On Russian state television, Andrey Illarionov, a former adviser to Russian president Vladimir Putin, political scientist, is frequently heard discussing preparations for a military invasion, and has stated "Ukraine is a failed state, and the historic chance for reunification of all the Russian lands can be lost in the next couple of weeks, so we mustn't put off the solution to the Ukrainian Question." The phrase "the solution to the Ukrainian Question" is considered to echo Adolf Hitler's Final Solution to the Jewish question.

===Print===
Komsomolskaya Pravda led its front page on 10 December with the headline "Ukraine may split into several parts" above a map showing the country's division into four areas. The following day, it ran a front-page headline declaring: "Western Ukraine is preparing for civil war".

==Artists' response==
- Pyotr Verzilov, the husband of Nadezhda Tolokonnikova, member of the punk group Pussy Riot, took part in the protest in Kyiv.
- Hayden Panettiere, American actress and fiancée of Wladimir Klitschko (brother of Vitali Klitschko), visited the Euromaidan protests in Kyiv on 6 December 2013. She and her fiancée addressed the crowds.
- Belarusian rock band Lyapis Trubetskoy performed (in December 2013) for Euromaidan-protesters in Kyiv, Ukraine.
- George Clooney, American actor, film director, producer, and screenwriter, released a one-minute YouTube video on 9 December in support of Euromaidan in Ukraine.
- Nylon Jail, an alternative country band from Czech Republic played on Maidan Nezalezhnosti to show their support of the cause on 12 December 2013.
- Vera Farmiga, American actress, released a YouTube video on 19 December in support of Euromaidan in Ukraine.
- Arnold Schwarzenegger, American actor and politician, released a YouTube video on 24 January 2014 in support of Euromaidan in Ukraine.
- Sergio Pizzorno, British guitarist, songwriter, member of Kasabian, in support of protesters, sent out a message of solidarity via Kasabian's Twitter page on 20 February 2014.
- Jared Leto, American actor and lead vocalist for Thirty Seconds to Mars, in his speech after winning the best supporting actor Oscar, spoke in support of Ukraine during the 86th Academy Awards ceremony in Los Angeles on 2 March 2014.

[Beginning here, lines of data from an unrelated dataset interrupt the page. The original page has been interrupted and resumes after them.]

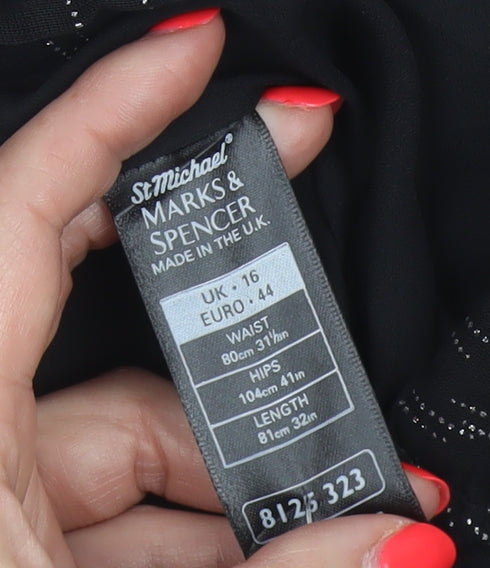 Marks and Spencer Women Black Silver Glitter Pencil Midi Skirt UK 16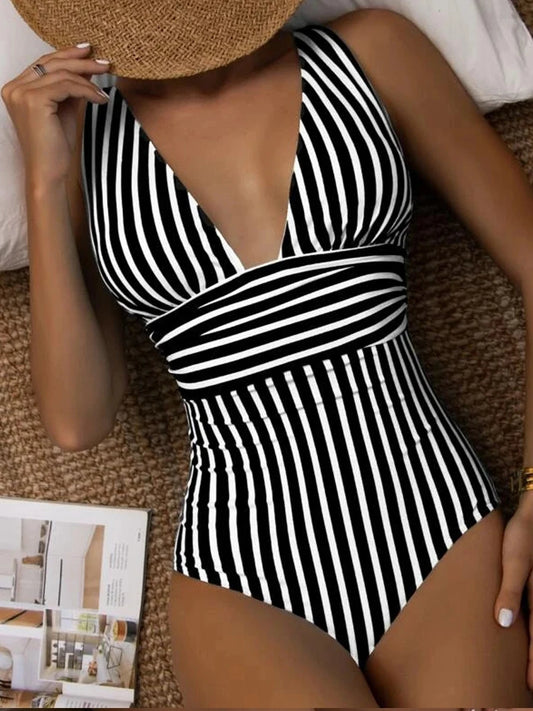 Striped V-neck One Piece Swimsuit Vintage Padded Swimwear Women Bathing Swimming Suit Female Backless Beachwear Bodysuit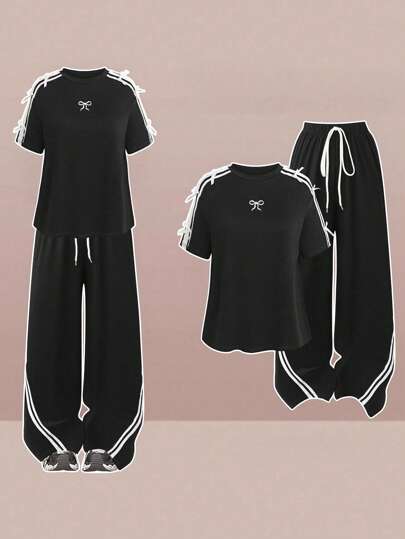 SHEIN LUNE مجموعة قطعتين للنساء ب، بدلة رياضية كاجوال مرقعة بخطوط وزخرفة فيونكة بطراز كلية جميل، ملابس علوية بأكمام قصيرة مطرز بفيونكة وبنطال بخصر مطاطي، مناسبة للارتداء اليومي وموسم العودة إلى المدرسة
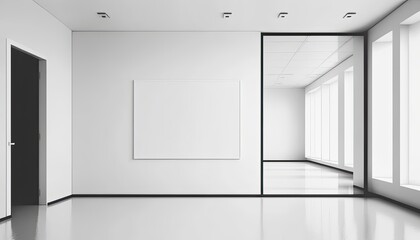 An empty office with a white wall in front of a large window and a meeting table. Generative ai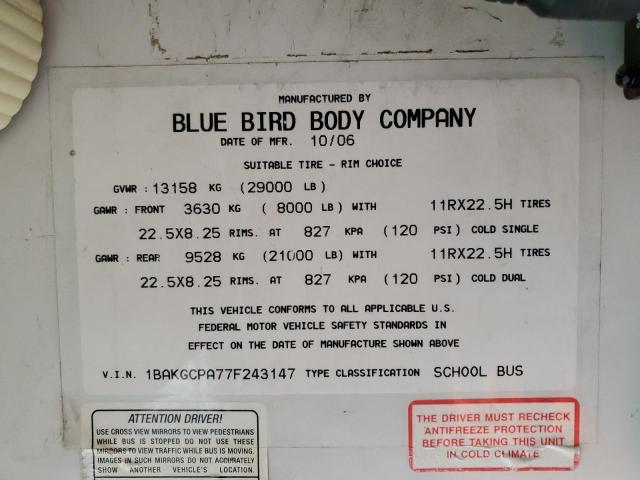 1BAKGCPA77F243147 - 2007 BLUE BIRD SCHOOL BUS YELLOW photo 10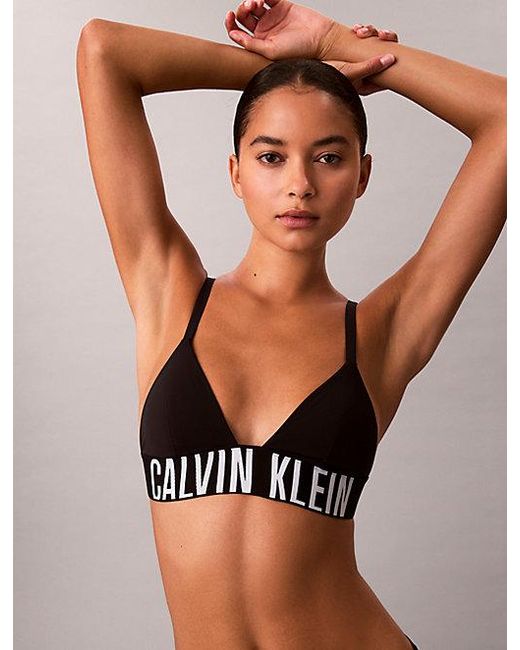 Calvin Klein Black Triangle Bikini Top Intense Power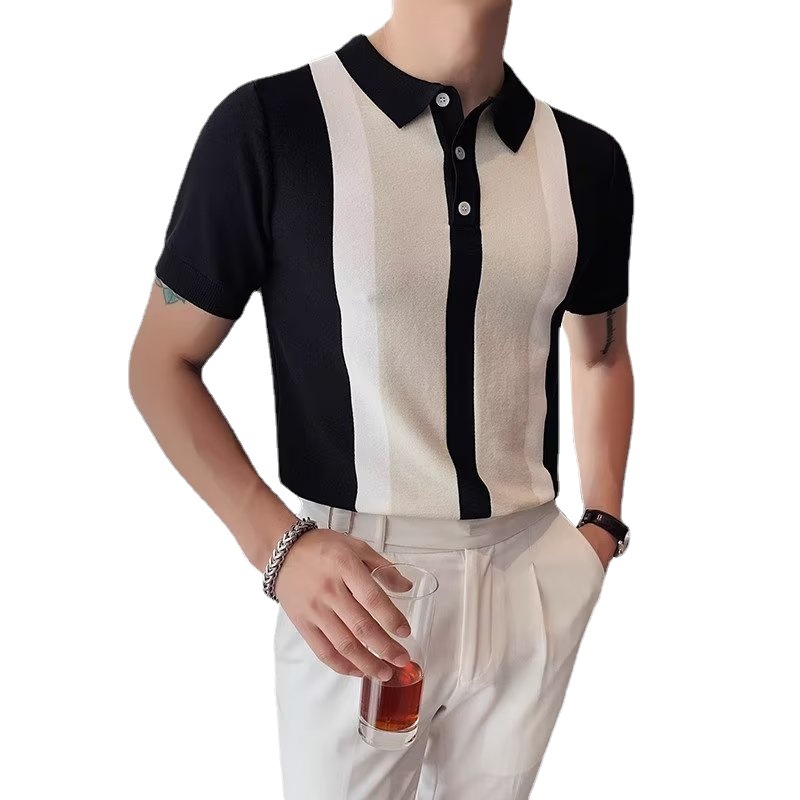 Summer striped short sleeve polo shirt men's Korean-style trendy casual half sleeve T-shirt Black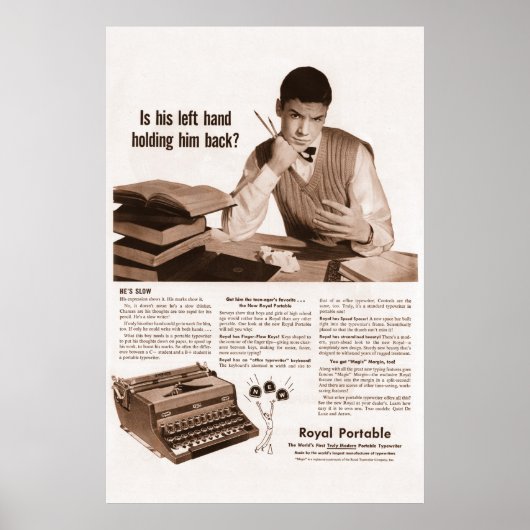  Koninklijke Draagbare Schrijfmachine Ad vanaf 194 Poster (Voorkant)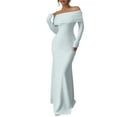 thumbnail image 2 of Women's Evening Dress Long Dress One Shoulder Strapless Sleeveless Solid Color with Pocket Formal Gown for Spring Fall Party Banquet,White,L, 2 of 6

==Ban for 36 foreigners to enter Ukraine==
The newspaper Kommersant Ukraine reported on 24 December 2013 that the Ukrainian Foreign Ministry and the Security Service of Ukraine (SBU) had satisfied an inquiry of Party of Regions MP Oleh Tsariov to deny entry into Ukraine to 36 people. Tsariov himself had told Kommersant Ukraine that they were suspected of "consulting with the opposition to destabilize the situation in the country", and hinted that they would have attempted to organize a revolution (in Ukraine). Among the 36 people were former Georgian President Mikheil Saakashvili, academic Taras Kuzio, member of the expert council of the Verkhovna Rada Committee on European Integration Andreas Umland, Brian Fink, Myron Wasylyk, Alec Ross and Marko Ivkovic. The list was alleged to contain 29 citizens of Georgia, five US citizens and a citizen of Serbia.

==Ukrainian Prime Minister plea for help from EU politicians==
On 24 January 2014, Ukrainian Prime Minister Mykola Azarov stated in an interview with RBC Information Systems "European politicians could give Ukraine real help in stabilizing the situation" and hinted they should "addressed the Ukrainian opposition and say that the seizure of state organizations and administrative buildings is illegal and contradicts the standards of democracy. And if you pursue such actions, we will not cooperate with you".